Adding litsea cubeba essential oil to citrus essential oils helps to anchor the scent.  I also use cosmetic grade clay to anchor scent.


----------



## Cosmoman (Jun 29, 2013)

*Retaining scent in soaps*



lsg said:


> Adding litsea cubeba essential oil to citrus essential oils helps to anchor the scent.  I also use cosmetic grade clay to anchor scent.




That sounds great !  Would Kaolin work ?   What % do you estimate ?


----------



## nebetmiw (Jun 29, 2013)

Cosmoman said:


> Is there any additive to help retain scents in CP Soaps?
> 
> Having trouble with citrus and especially coconut.

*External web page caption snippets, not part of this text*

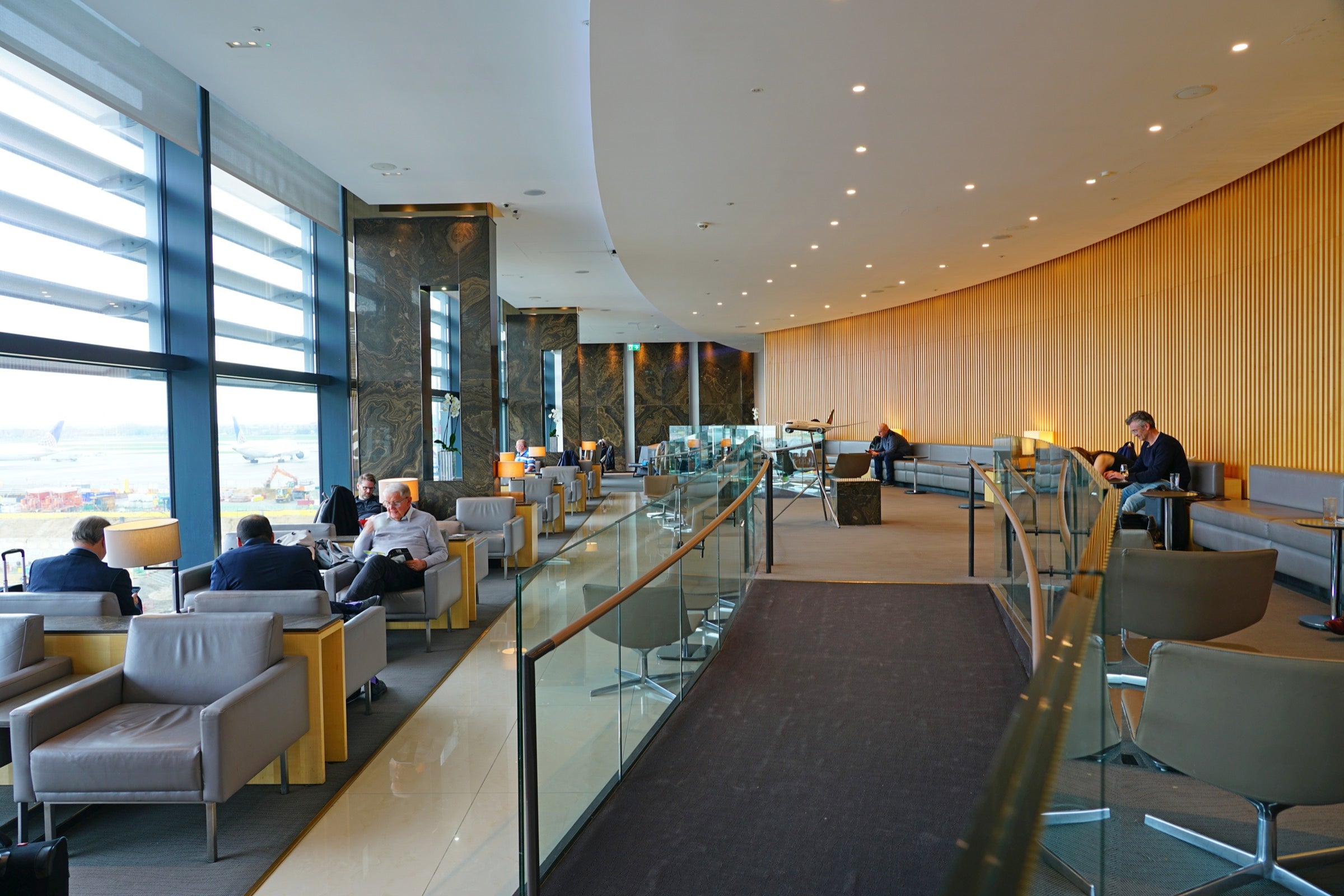 Air Canada Maple Leaf Lounge at London Heathrow Airport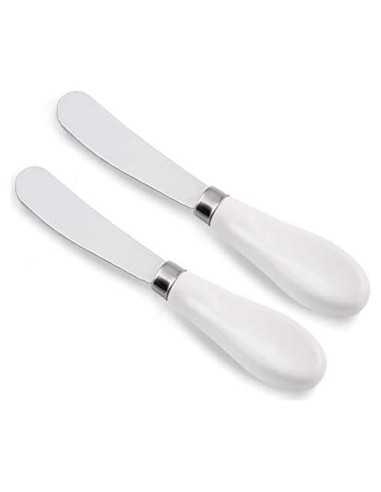 Juego de 2 cuchillos para mantequilla ONTUBE, acero inoxidable 15 cm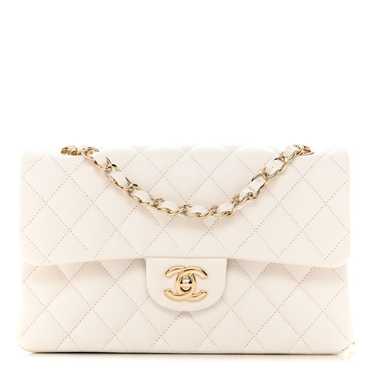 CHANEL Caviar Quilted Small Double Flap White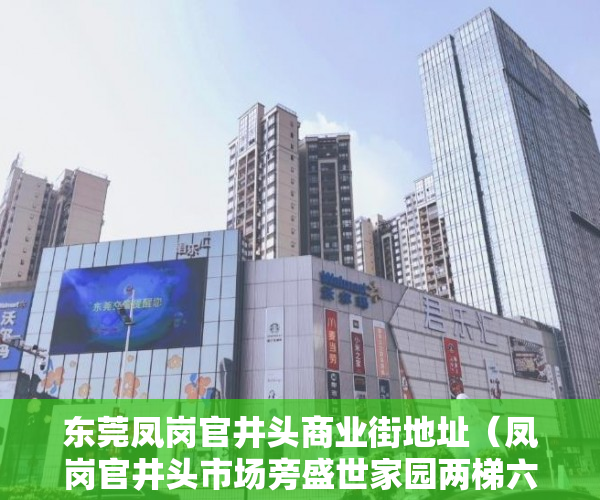 东莞凤岗官井头商业街地址（凤岗官井头市场旁盛世家园两梯六户户型方正通风采光 ）中介买小产权房要做多久监狱，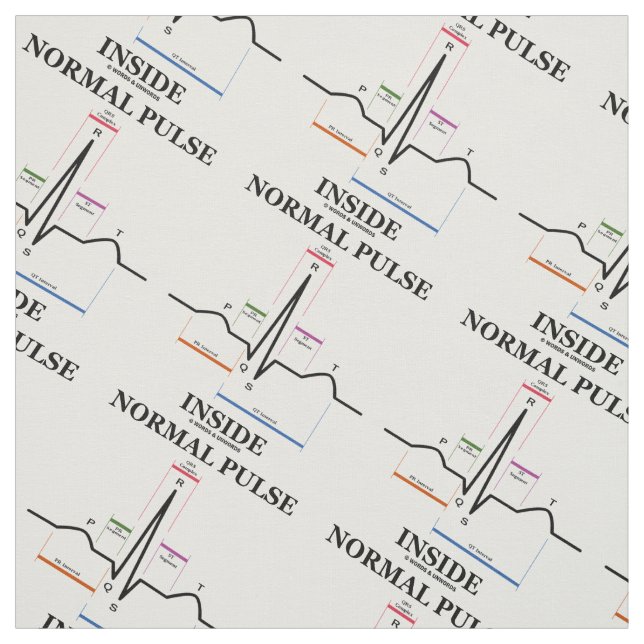 Normal Puls Inside Heartbeat Elektrokardiogramm Stoff (Muster)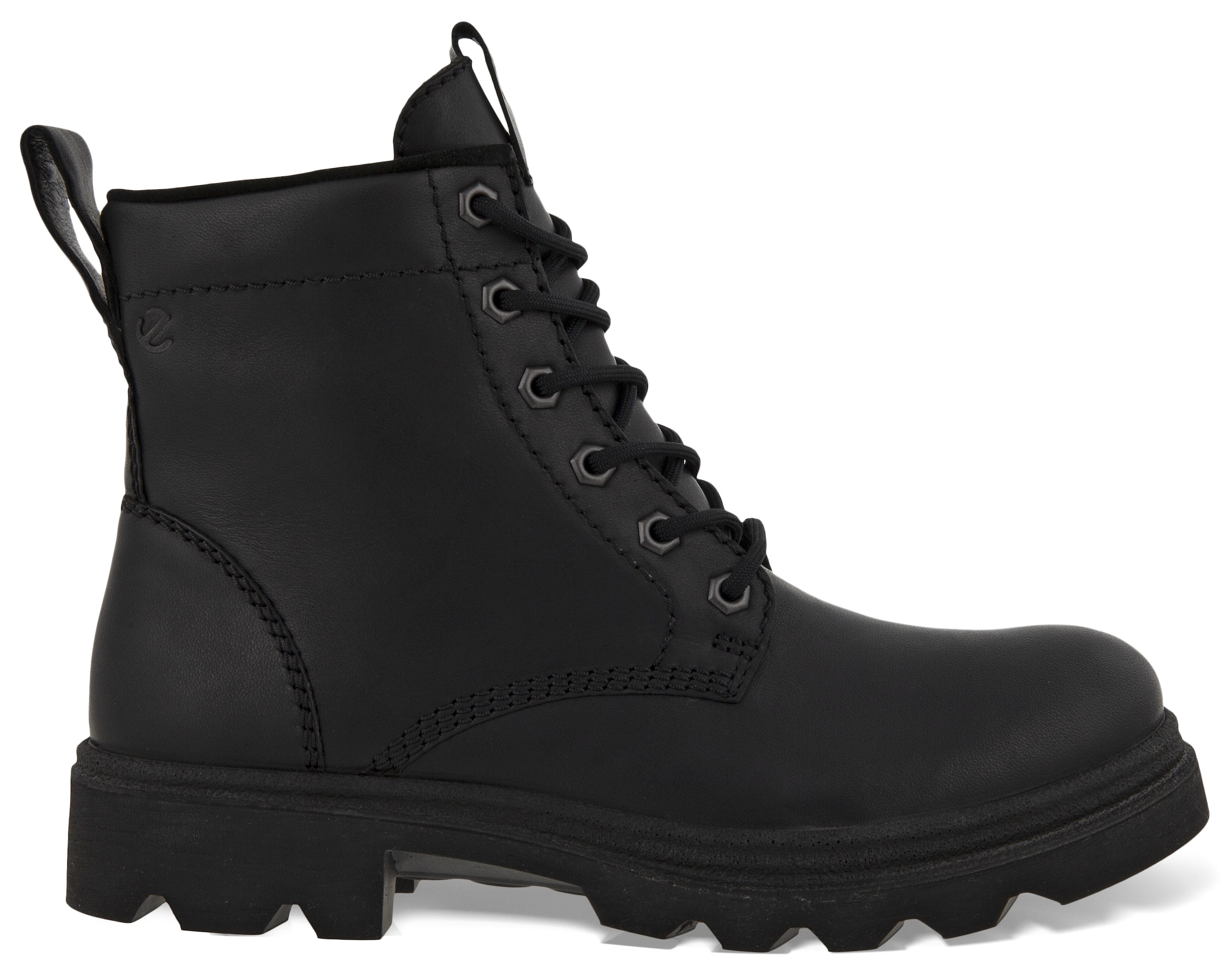 Ecco Schnürboots »GRAINER W«, Stiefelette, Winterboots, Blockabsatz, mit Schurwollfutter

These two types of scents are faders.  No one has master them yet to get them to stick.  Look up coconut here in the seach and you will find many thread of those talking about these scents.


----------



## lsg (Jun 29, 2013)

Cosmoman said:


> That sounds great ! Would Kaolin work ? What % do you estimate ?


 
I use about 1 tablespoon ppo. Kaolin will work.


----------



## Dr.J (Jul 3, 2013)

lsg said:


> Adding litsea cubeba essential oil to citrus essential oils helps to anchor the scent.  I also use cosmetic grade clay to anchor scent.


 
What ratio of citrus EO to litsea cubeba EO would you recommend for anchoring?


----------



## lsg (Jul 3, 2013)

It doesn't take much, I would say 3-4 parts citrus to 1 part litsea.


----------



## jenneelk (Jul 5, 2013)

Wish I liked Litsea.. it makes me nauseous and I prefer citrus to most scents. 
But I do agree that the vendor really makes a difference. I have around 135 scents right now and have bought probably 400+ trying to find which ones are best. Still likely don't have all the good ones but have def found some bad ones! LOL

I'm new to CP soaps so I feel like I'm back at the beginning finding which will work with it. I used to CP many years ago but things have changed.


----------